Sobre o teu vulto, chinita,
faz tempo que escureceu.
Perdi o teu rumo e o teu rasto
- sovada, a sofrer nos bastos
de outro andarengo como eu!
Teus fundos olhos, chinoca,
são duas sangas cortadas
pelo sol de tanto amor.
Com a chuva e o choro dão flor
como aguapé nas aguadas.
Teus braços são rédea aos xucros,
que domas, com voz ladina,
nos teus seiitos de escrava.
- Dois ninhitos de ave brava
nua arvesita franzina.
Os teus cabelos meneiam
e derrubam sem barulho.
E a tua ausência, ferindo,
dói mais que a neve caindo
pelos minuanos de julho.
Se te alegras, se te coloras
do tom de flor, que ainda lembro,
dos durasnais da tapera
enfeitando a primavera
pelas manhãs de setembro.
Se sofres, teus cílios finos
são como os juncos da tarde
no espelho de uma lagoa.
Porque és tão boba e tão boa
para o destino covarde...
Chinita, que foste minha!
Nunca mais quero encontrar-te.
Tu sabes de cada espera
com a tua alminha de Angoera,
com sangue de Malasarte!
A pobre... quando morrer,
na noite em que ela se for,
verão como ainda tem manhas,
em boitatás, nas campanhas,
o fogo do seu amor...
QUERÊNCIA
Para o velho Domingos
I
Recordo... Um coxilhão, virgem do arado,
alto e estendido na campanha em frente.
Resfolegando a névoa ao sol nascente.
Na noite negra era um fortim sitiado.
Somrbio sob o crepúsculo indolente
nos paradouros acolhia o gado.
Promontório nas rotas di El-Dorado
ao luar e aos sonhos de um adolescente.
Tristão no inverno... Esplêndido na sanha
do estio fugindo... No horizonte aberto
a galopada das miragens foge.
Tão longe... E ainda a paisagem me acompanha
com o encanto das ilhas que no oceano incerto
as minhas naves descobrissem hoje...
II
Por toda parte onde eu andei, Querência,
pedaço de alma, te levei comigo.
A proteger-me como um poncho amigo,
ou estrela d´alva nos sertões da ausência.
Andante, chego ao teu galpão de abrigo.
Fogão e amargo! A missioneira essência.
E, pelo teu conslho em confidência,
forjei meu coração para o perigo.
Quantas vezes na ronda a noite andando
vieste em recuerdo, como irmã, sorrindo,
adoçando a amargura da inclemência.
Por ti, na Vida e no lidar em que ando,
a sorte, ou contra ou a favor, vem lindo!

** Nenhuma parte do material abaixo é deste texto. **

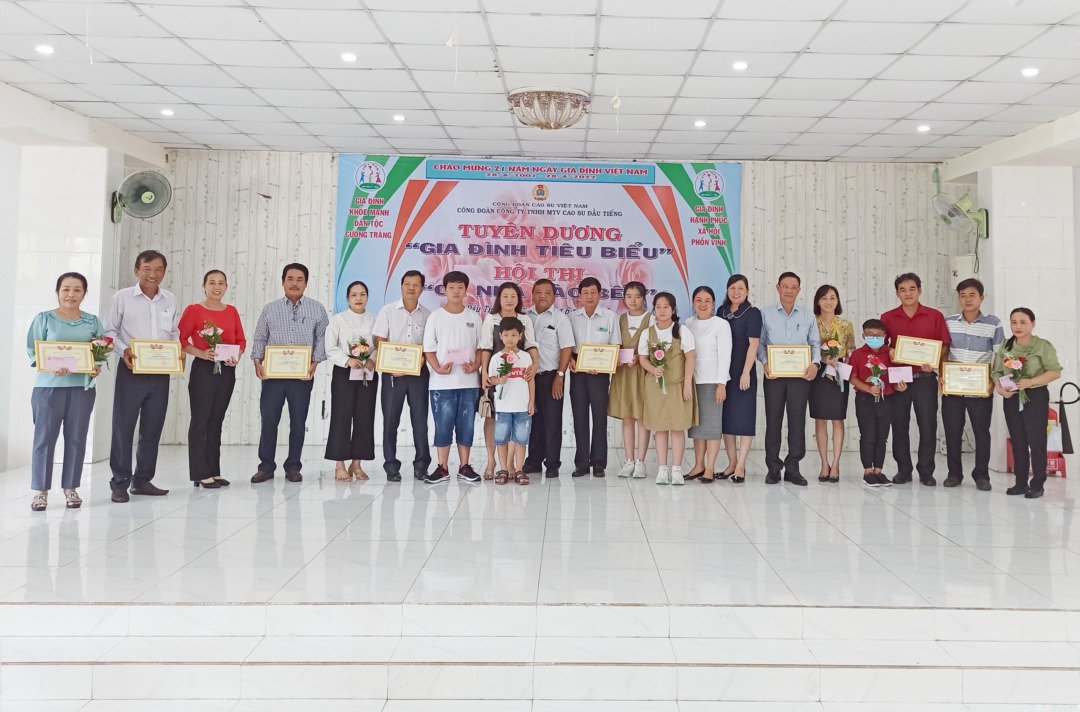Công đoàn Cao su Dầu Tiếng tổ chức hoạt động kỷ niệm ngày Gia đình Việt Nam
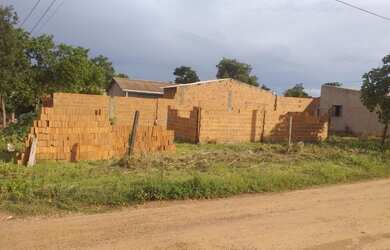 Imagem: O terreno possui 360m² de Área e está localizado em Cuiabá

só pelo orgulho de te honrar – Querência!
LIVRO DOS POEMAS. LIVRO DOS SONETOS; LIVRO DO CORPO; LIVRO DOS DESAFOROS; LIVRO DAS CORTESÃS; LIVRO DOS BICHOS. Org. Sergio Faraco. Porto Alegre: L.P. & M., 2009. 624 p. ISBN 978-85-254-1839-1839-5 Ex. bibl. Antonio Miranda
De: Livro dos bichos:
JOÃO-GRANDE*
A sós, no pampa, ao luar de um grande açude à borda,
anguloso e augural, de tristonha atitude,
— maculando de sombra o amplo cristal do açude —
o joão-grande a água azul de outros rincões recorda.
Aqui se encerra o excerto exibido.